Ajaran Sang Buddha adalah kebenaran yang tidak berubah, apakah di saat ini ataupun di waktu yang lain. Sang Buddha membabarkan kebenaran ini 2.500 tahun yang lalu dan sejak saat itu, ia menjadi kebenaran yang sejati. Ajaran ini seharusnya tidak ditambah atau dikurangi. Sang Buddha berkata, “Apa yang telah Tathagata paparkan seharusnya tidak dibuang, apa yang tidak dipaparkan oleh Tathagata seharusnya tidak ditambahkan ke dalam ajaran-ajaran ini.” Beliau “menutup rapat-rapat” ajaran-ajaran ini. Mengapa Sang Buddha menutup mereka rapat-rapat? Karena ajaran-ajaran ini adalah kata-kata yang berasal dari seseorang yang sudah tidak memiliki kekotoran batin. Tidak peduli bagaimana pun dunia ini berubah, ajaran-ajaran ini tidak akan terpengaruh, mereka tak akan berubah dengannya. Jika ada sesuatu yang salah, meskipun jika orang-orang mengatakan ia benar, tidak membuatnya menjadi berkurang salahnya. Jika sesuatu benar, itu tidak akan berubah hanya karena orang-orang mengatakan yang sebaliknya. Generasi demi generasi akan datang dan pergi, tetapi hal-hal ini tidak akan berubah, karena ajaran-ajaran ini adalah kebenaran.

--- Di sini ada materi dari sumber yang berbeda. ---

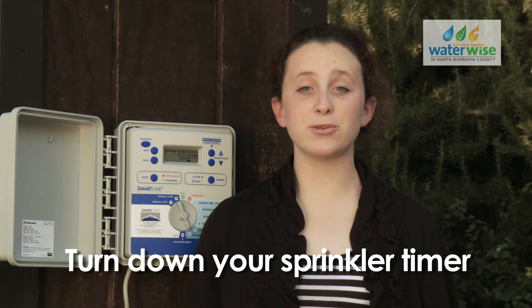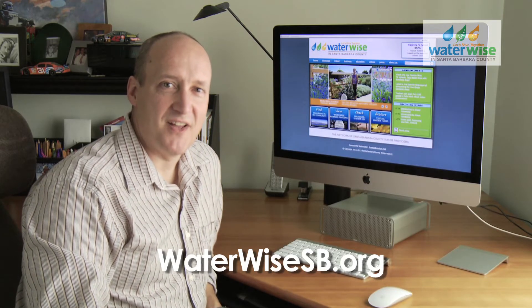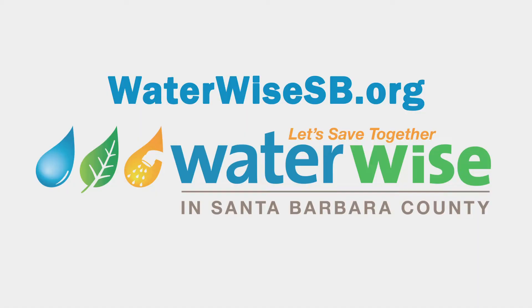Now that it's fall, it's time to adjust your sprinkler timer. Just check the Watering Percent Adjust online, then turn down your timer to match the percent. For this week's Watering Percent Adjust, visit WaterWiseSB.org. Let's save together.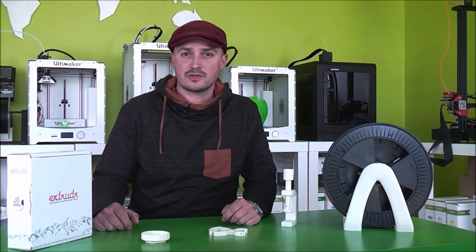Hi Makers, my name is Didier. I'm from ID2 3D and today I want to talk to you about this filament from Extruder — it's called Green Tech.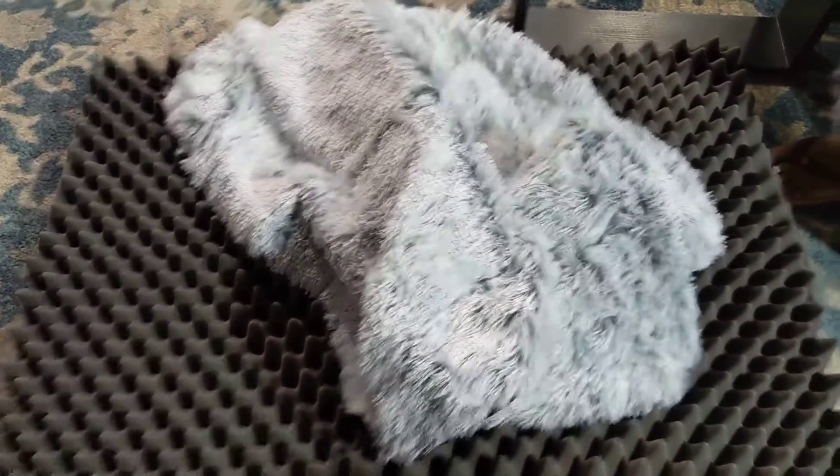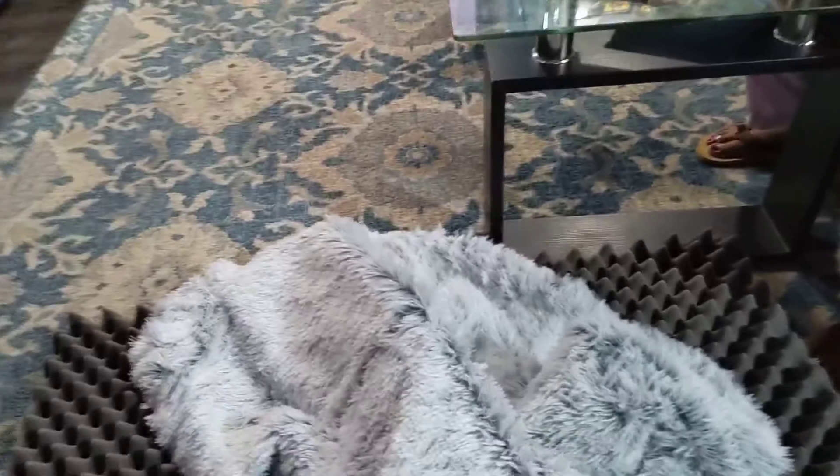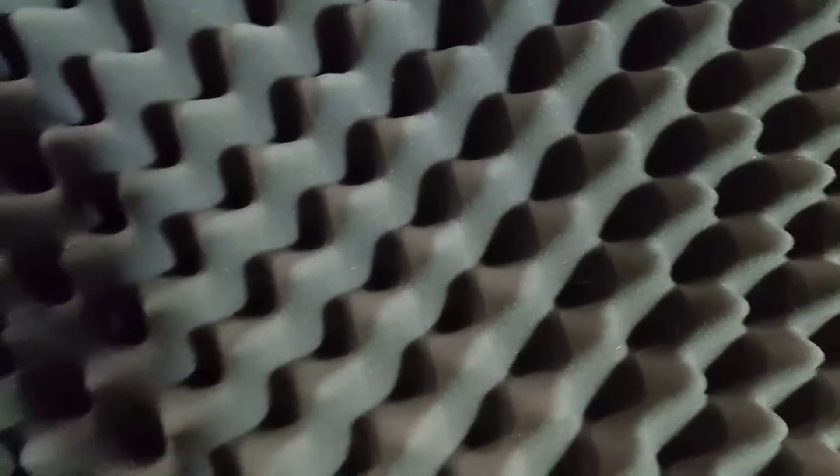This is a huge dog bed we got here for our dog, who is a Cane Corso that's 90 pounds, so we needed an orthopedic bed so he could relax. You can see this is the foam inside, with a furry cover that goes over this. It's got a spike kind of foam, and underneath it's a very thick base.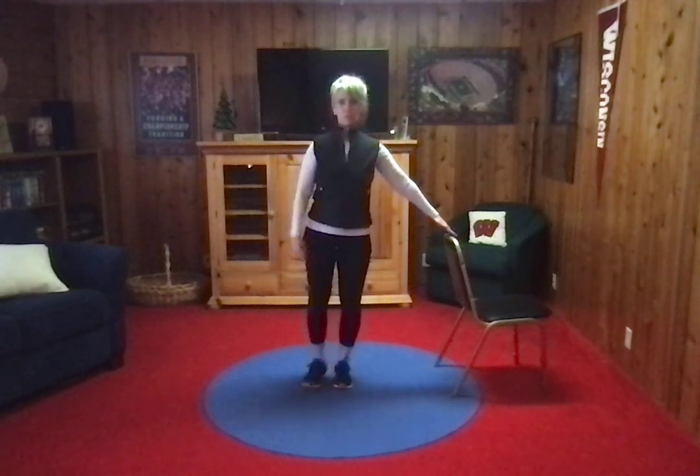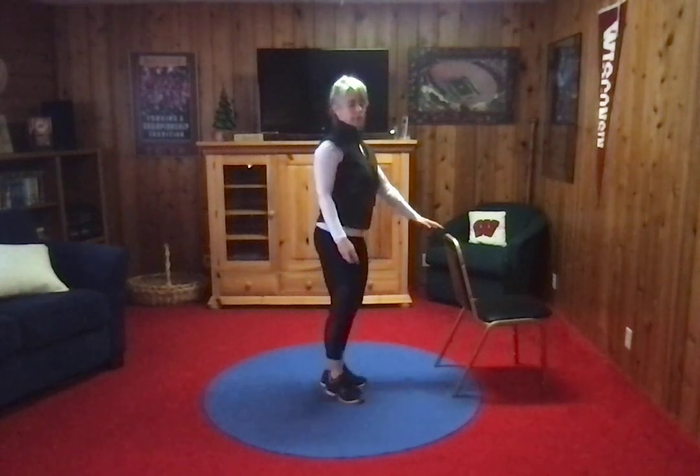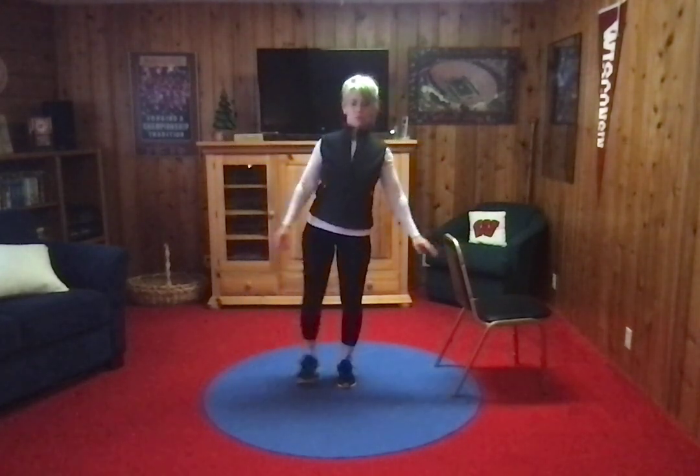Stand next to the chair. You're gonna float up into this position and then let go. So from the side it looks like this — you're lifting your leg out to the side and your arm out to the side. If you're tipping a little bit, that's fine. I want you to stand nice and tall, but you're gonna find your balance point.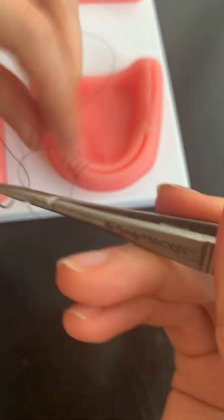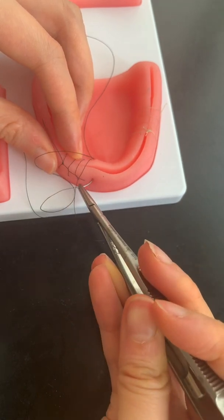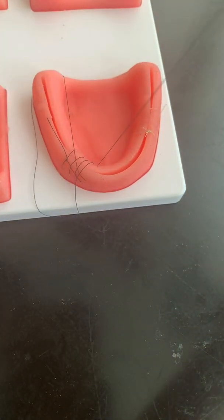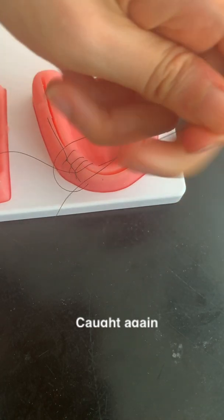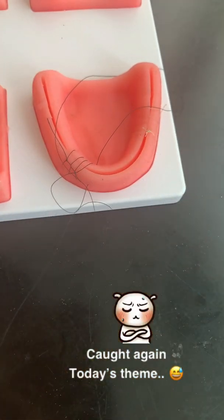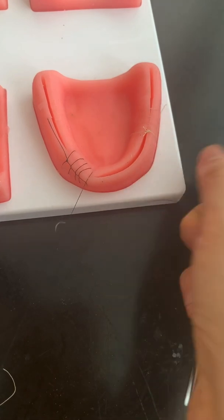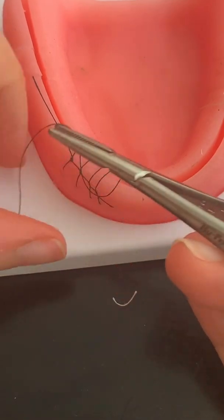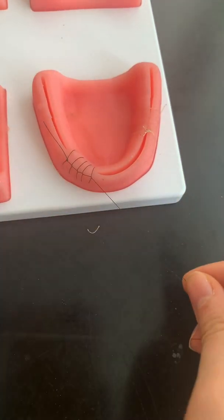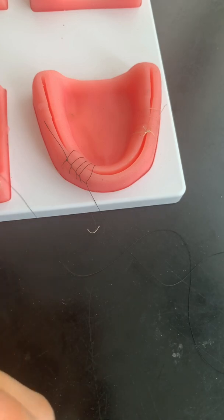Hold this tight — it's starting to look really pretty. So continue, just to make it look pretty, and then I'll show you how to tie it off. About the same width apart and out. It's forming this beautiful looking suture and it's so simple to do. It looks like you really know how to suture, but it's so easy — it's just simple interrupted and then you put it through the loop.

Sekarang, siapakah yang menciptakan kebenaran ini? Kebenaran sendirilah yang menciptakan kebenaran! Apakah Sang Buddha menciptakannya! Tidak, beliau tidak menciptakannya. Sang Buddha hanya menemukan kebenaran, sifat-sifat sejati dari segala sesuatunya, dan kemudian membabarkannya. Kebenaran ini tetaplah benar, terlepas dari apakah seorang Buddha muncul di dunia atau tidak. Sang Buddha hanya “memiliki” Dhamma di dalam konteks ini, beliau tidak benar-benar menciptakannya. Ia telah ada di sini sepanjang masa, namun sebelumnya tidak ada seorang pun yang mencari dan menemukan Yang Tidak Mati tersebut, dan kemudian mengajarkannya sebagai Dhamma. Beliau tidak menciptakannya, ia telah ada di sana terlebih dahulu.

Pada beberapa masa, kebenaran ini bersinar terang dan praktek Dhamma pun berkembang. Seiring dengan berjalannya waktu dan berakhirnya generasi demi generasi, praktek ini menjadi menurun dan berkurang hingga ajaran tersebut sirna sama sekali. Setelah beberapa waktu, ajaran ini ditemukan kembali dan berkembang lagi. Waktu pun terus berlanjut, pengikut-pengikut Dhamma menjadi berlipat ganda, kesejahteraan pun tiba, dan sekali lagi ajaran ini mulai mengikuti kegelapan dunia. Jadi, untuk kesekian kalinya, ia merosot dan menurun, hingga pada suatu saat ia tidak mampu lagi bertahan. Kebingungan pun berkuasa kembali. Lalu kemudian tiba saatnya untuk membangun kembali sang kebenaran. Sebenarnya, kebenaran ini tidak pergi ke mana-mana. Ketika para Buddha wafat, Dhamma tidak ikut hilang bersama mereka.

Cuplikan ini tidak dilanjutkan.